Just a thing i have been thinking bout

When you started natural bb what weight were u and how much weight and how fast did u put on in your 1st few months/year

Im looking at a kg atleast a month if i can. I think i can manage it.

I was just under 66kg im now bang on 67kg in my 1st month. Im just happy the scales are going the right way lol.


----------



## Mingster (Mar 25, 2011)

12.5 stone to 16.5 stone in 6 years.


----------



## bigmitch69 (May 14, 2008)

I was about 10 stone when I started and put nearly 2 stone on in the first year if I remember correctly.


----------



## stoatman (Sep 13, 2012)

Clean or dirty I guess is the question. 250g a week is a pretty slow bulk to be fair. But I guess if its clean over a year that would be a good result


----------



## Gman81 (Nov 11, 2012)

I went from about 9 1/2 stone to 13 1/2 stone in my first 3ish years of training. That was between the ages of 19-22/23. Find it a lot slower to gain naturally now as I'm nearly 32 and been training on and off for a long time. I think a couple of stone in your first couple of years is more than achievable.


----------



## JonnyBoy81 (Jun 26, 2013)

depends mate, lbm vs bf.....

best you can do it try and keep the diet clean as you can and keep in a surplus. reassess this every 2-4 weeks and adjust your surplus amount to reflect your weight gain.

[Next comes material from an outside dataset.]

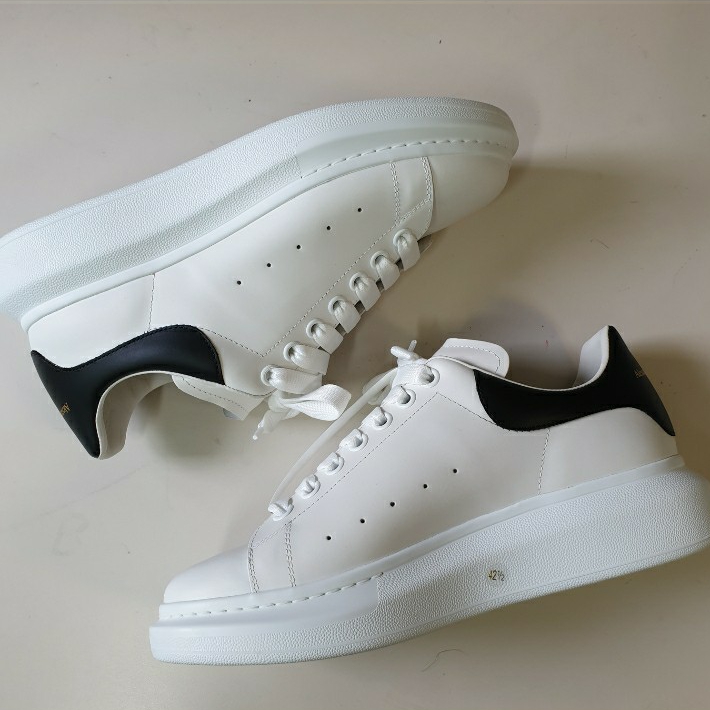 Alexander McQueen Oversized Sneakers White Black 착용 스타일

keep an eye on bf and soon enough you will know what works for you.

also depends on what body type you are.

bulking up is easy, if you want to look a fat puffy mess. clean bulk will take a lot longer, but saves time cutting at the other end imo


----------



## shaunmac (Aug 13, 2010)

Pathetically.

Eat about 3500 calories a day at 13 stone. Never put a pound on.

Eat good, whole foods, don't eat much rubbish, lucky of I have a takeaway once a week.

Hate having a high metabolism


----------



## andyhuggins (Nov 21, 2008)

JonnyBoy81 said:


> depends mate, lbm vs bf.....
> 
> best you can do it try and keep the diet clean as you can and keep in a surplus. reassess this every 2-4 weeks and adjust your surplus amount to reflect your weight gain.
> 
> ...


Took the words out of my mouth mate


----------



## Pancake' (Aug 30, 2012)

Here's the man to ask @IGotTekkers  ''cause aint no bulk like a tekkers bulk, right?''


----------



## L11 (Jan 21, 2011)

Quite easily.. Went from ~11.5 stone in July 2012 to 12.5 stone July 2013.. Will be much harder this year though

Dont rush, you will get fat.


----------



## Dazza (Aug 7, 2010)

Most wopuld call bs, but my last cycle i went from 12st7lb to a max of 15st10lb

Dropped back to 14st7lb when coming off, but it was a harsh run i won't be doing it again, came out leaner thanks to my running dnp for a couple weeks.


----------



## L11 (Jan 21, 2011)

Dazzza said:


> Most wopuld call bs, but my last cycle i went from 12st7lb to a max of 15st10lb
> 
> Dropped back to 14st7lb when coming off, but it was a harsh run i won't be doing it again, came out leaner thanks to my running dnp for a couple weeks.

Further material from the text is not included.